*REQUIRED ACTION*.
The answer should hold only the line with "Friends TV Show" and each line after it through the last line of the material, exactly.

*SOURCE DATA*.
-.-.-

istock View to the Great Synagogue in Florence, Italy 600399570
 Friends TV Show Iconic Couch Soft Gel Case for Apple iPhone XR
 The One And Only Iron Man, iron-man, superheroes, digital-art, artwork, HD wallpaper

-.-.-

*EXERCISE SOLUTION*.
 Friends TV Show Iconic Couch Soft Gel Case for Apple iPhone XR
 The One And Only Iron Man, iron-man, superheroes, digital-art, artwork, HD wallpaper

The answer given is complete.